A Prime-Driven Framework Solving Navier–Stokes Regularity, the Riemann Hypothesis, and P vs NP: Public Edition under IP Protection

This work presents a mathematically verified framework that simultaneously resolves three of the Millennium Prize Problems: the Navier–Stokes global regularity problem, the Riemann Hypothesis, and the P vs NP question (expressed here as the equivalence p = nP). The framework is built upon Prime-Based Force Dispersion (PBFD) and Dimensional Expansion (DE), which introduce energy-stabilizing effects into the Navier–Stokes equations via a prime-indexed nonlinear term. 

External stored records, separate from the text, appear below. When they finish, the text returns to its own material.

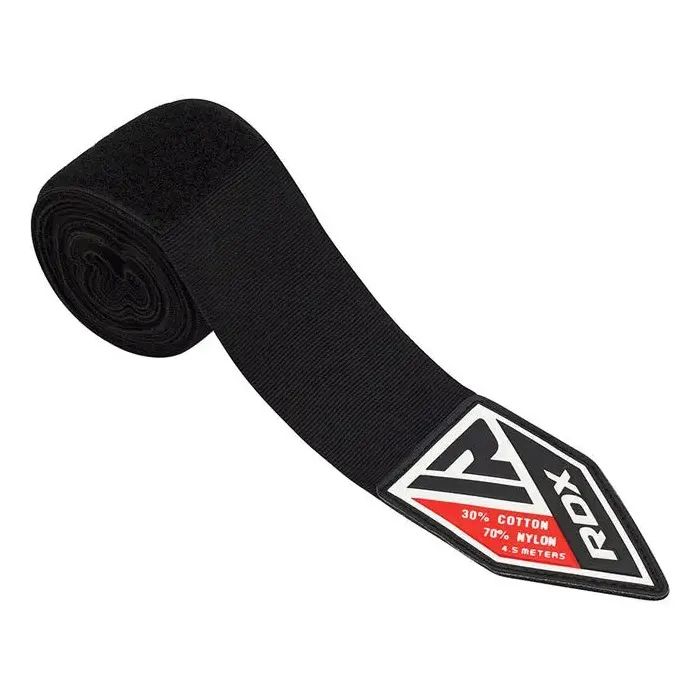 Бинт для спорту RDX для боксу WX Professional Boxing Hand Wraps Black (4.5м.) (HWX-RB+) зображення 3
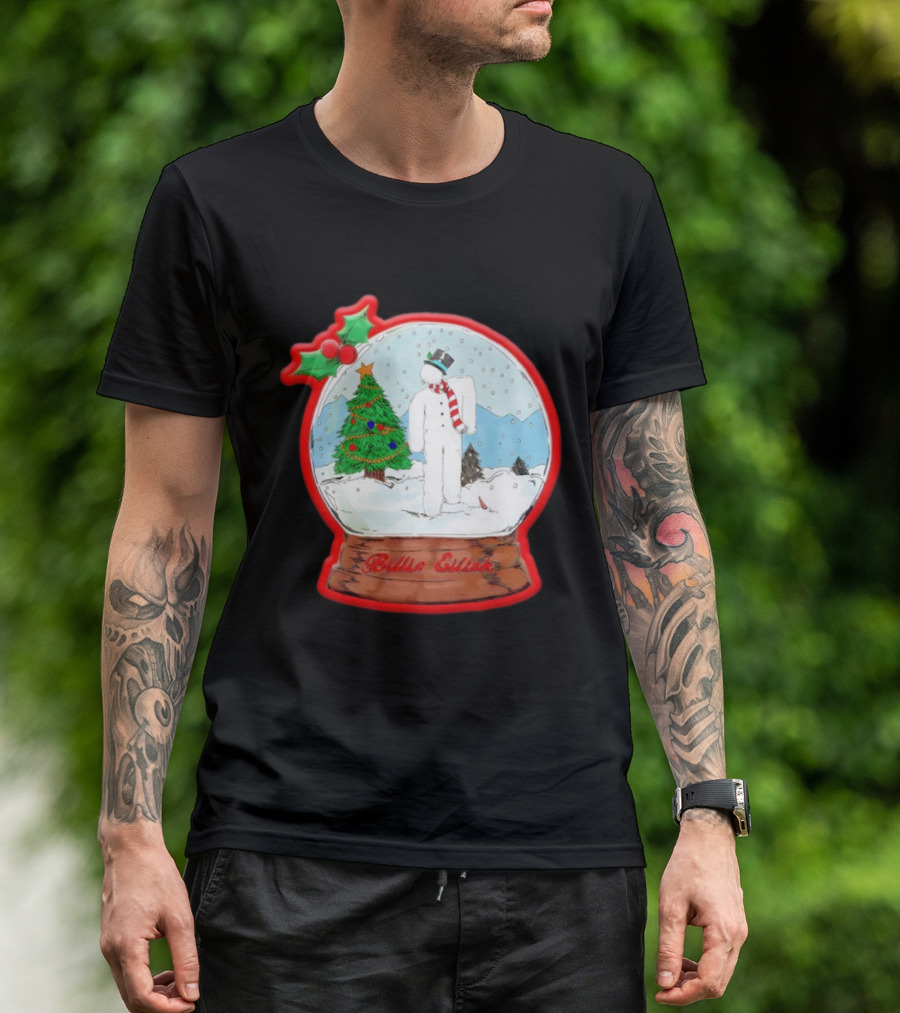 Billie Eilish Blohsh Christmas Snowglobe Ornament T-Shirt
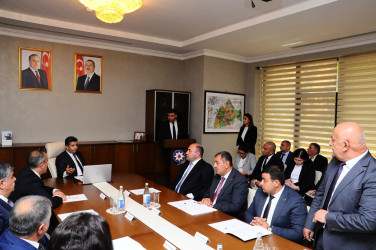 Council meeting was held under the head of the city Executive Power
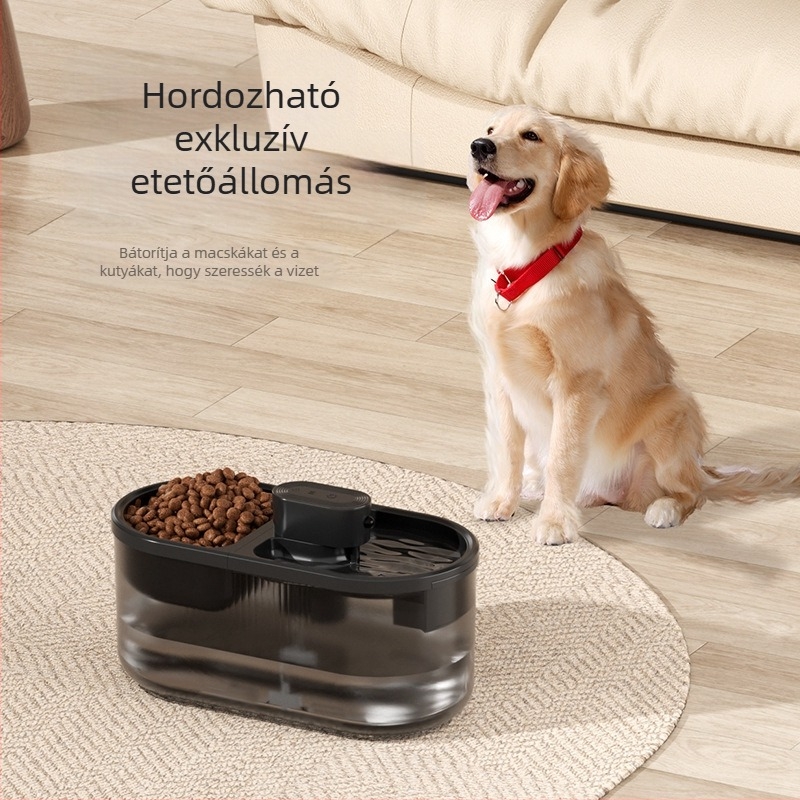 Háziállat ivóvíz- és etető automata – intelligens, minden egyben, ABS műanyag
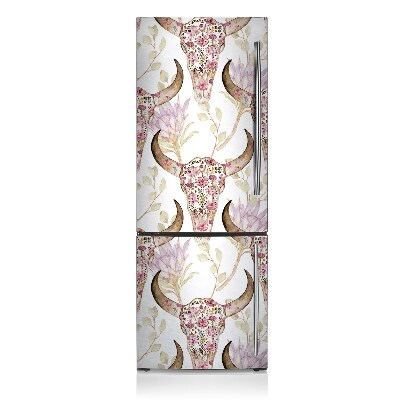 Kühlschrank magnet folie Blumenschädel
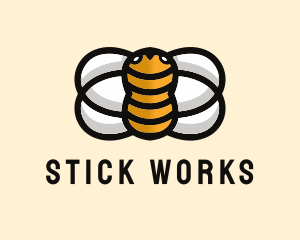 Yellow Bumble Bee  logo design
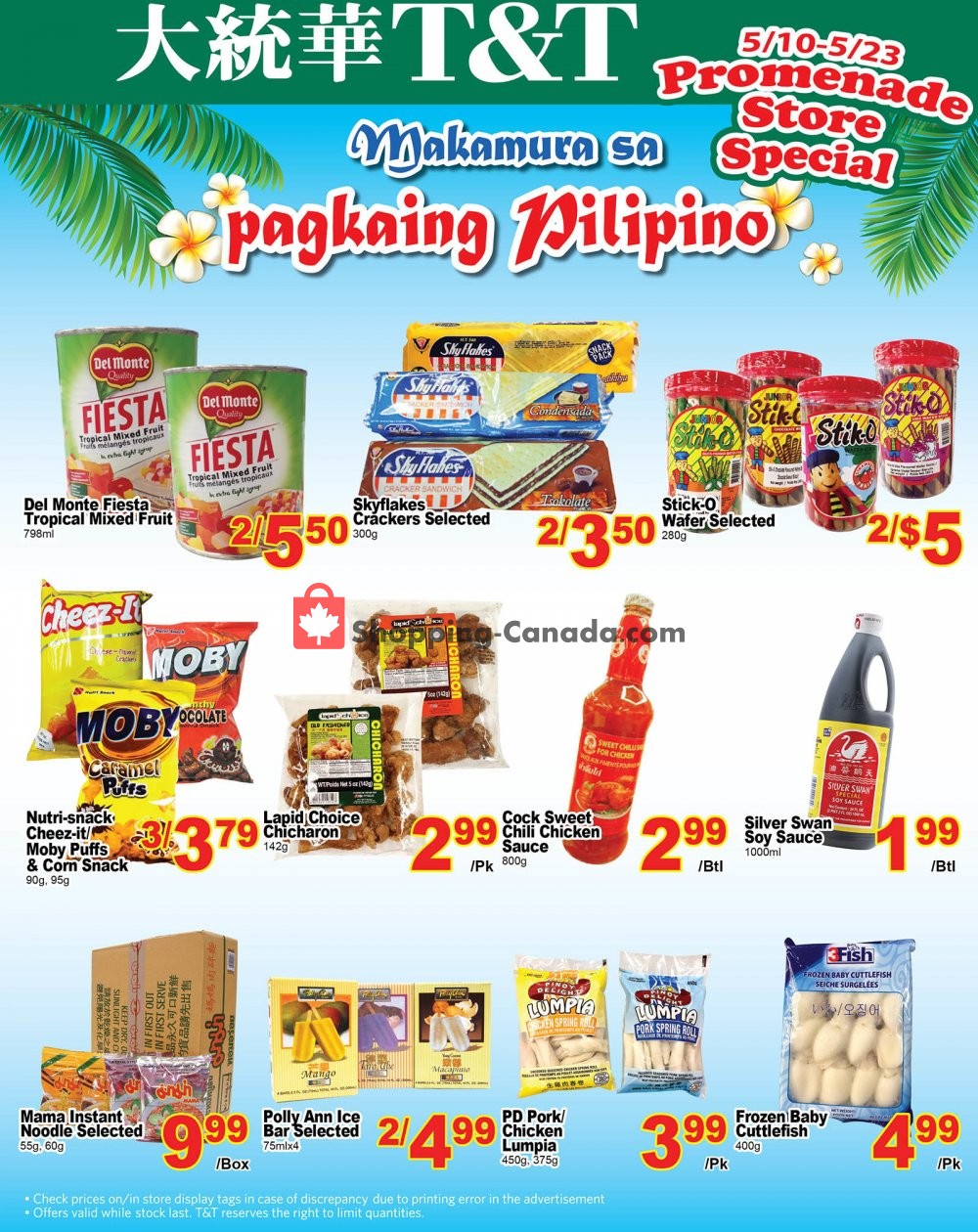 T&T Supermarket flyer from Friday May 10, 2019 to Thursday May 23, 2019 - page 1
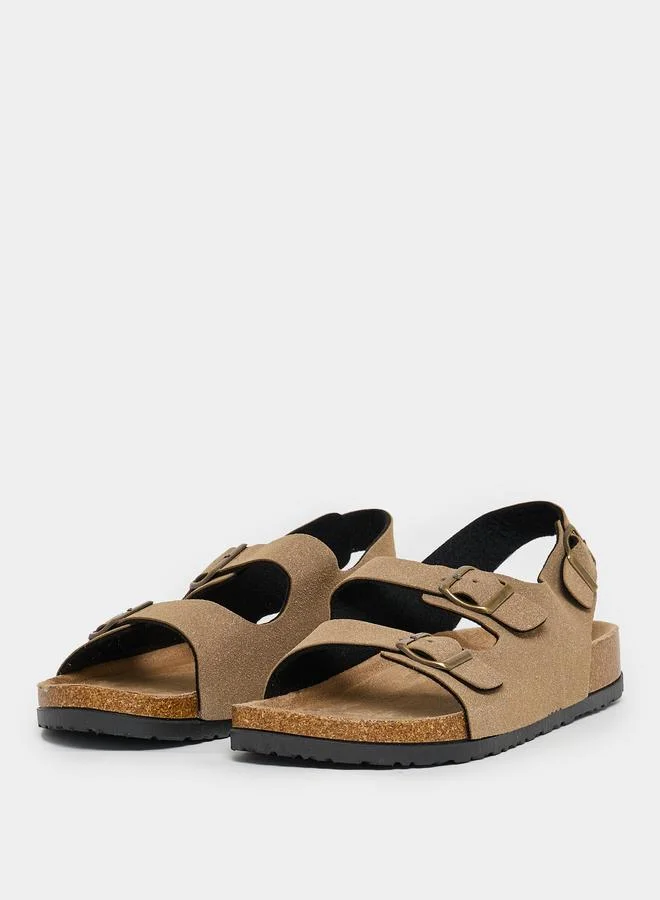 Styli Styli Platform Sole Slingback Strap Sandals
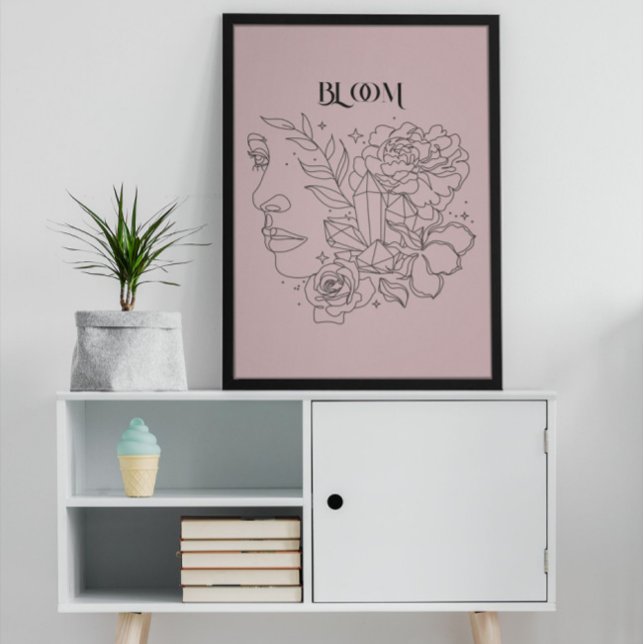 Abstract Woman Line Art, Earthy Tones Poster (Creator Uploaded)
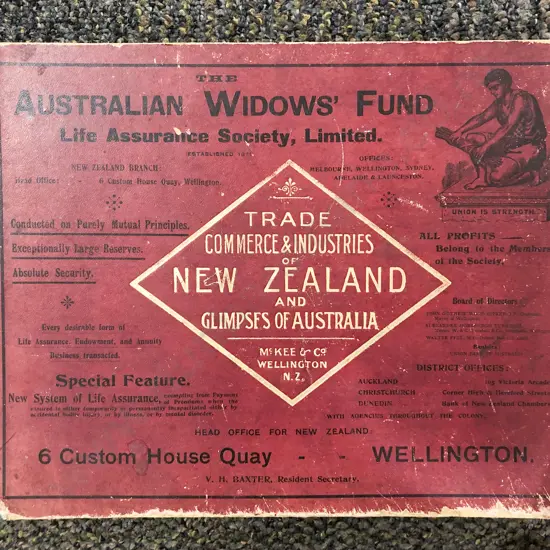Trade Commerce & Industries of New Zealand and Glimpses of Australia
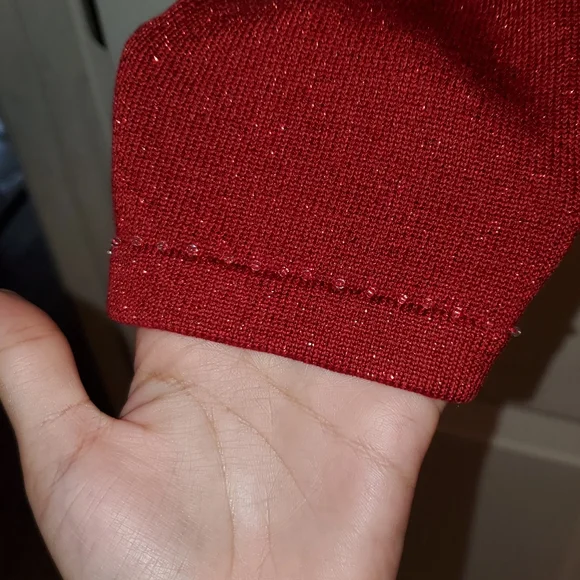 5 for $25 | Vintage Emma James Shimmer Short Sleeve Blouse and Cardigan Set - Picture 5 of 13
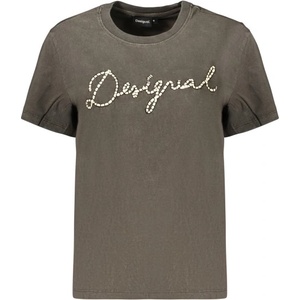 DESIGUAL Дамска тениска с къс ръкав desigual, Размер xs, Цвят Сив (26wwtk39_gr2000)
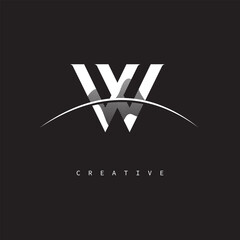 VV Monogram Logo – Minimal Elegant Letter mark for Creative Branding & Modern Identity Design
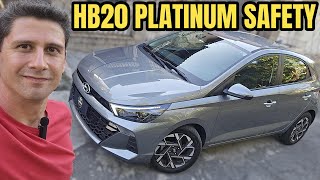 Avaliação Hyundai HB20 Platinum Safety 2025, como é a versão top de linha // Caçador de Carros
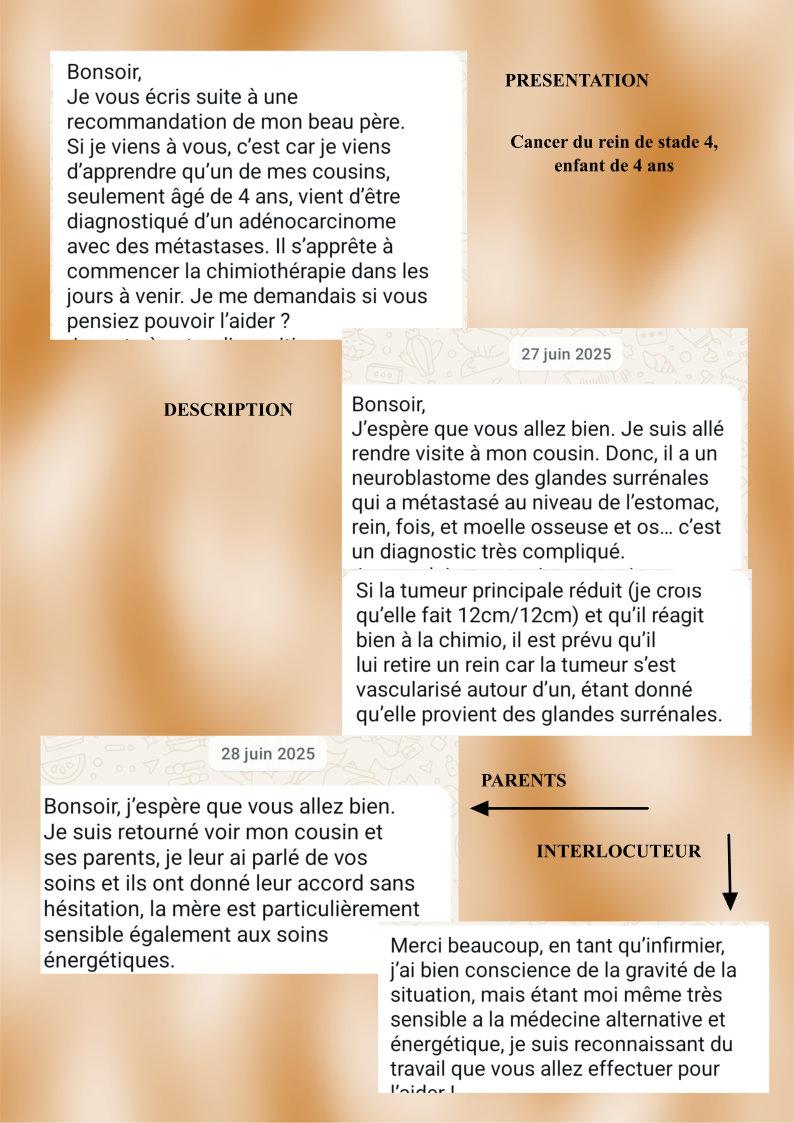 Cancer du rein enfant 1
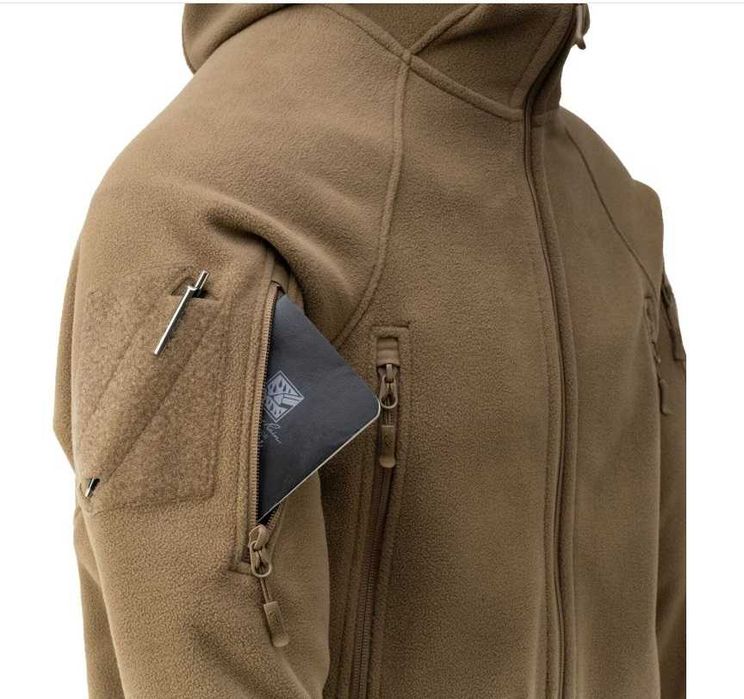 Флісова кофта Helikon Patriot Mk2 Hybrid Fleece - Coyote.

While the full derivations, including the deterministic prime extraction algorithm and Riemann zero localization method, are protected under patent law and omitted from this public release, the document provides:

- Proven convergence and Sobolev regularity of the PBFD term
- Analytical energy inequalities in high-dimensional settings
- Simulation-based validation using NASA, KTH, and JHTDB datasets
- A precise formulation of the equation p = nP with complexity-theoretic implications

All results are published under a CC BY-NC-ND 4.0 license. This version is made available for citation, academic validation, and peer review. Core algorithms remain protected and cannot be reverse-engineered from this material.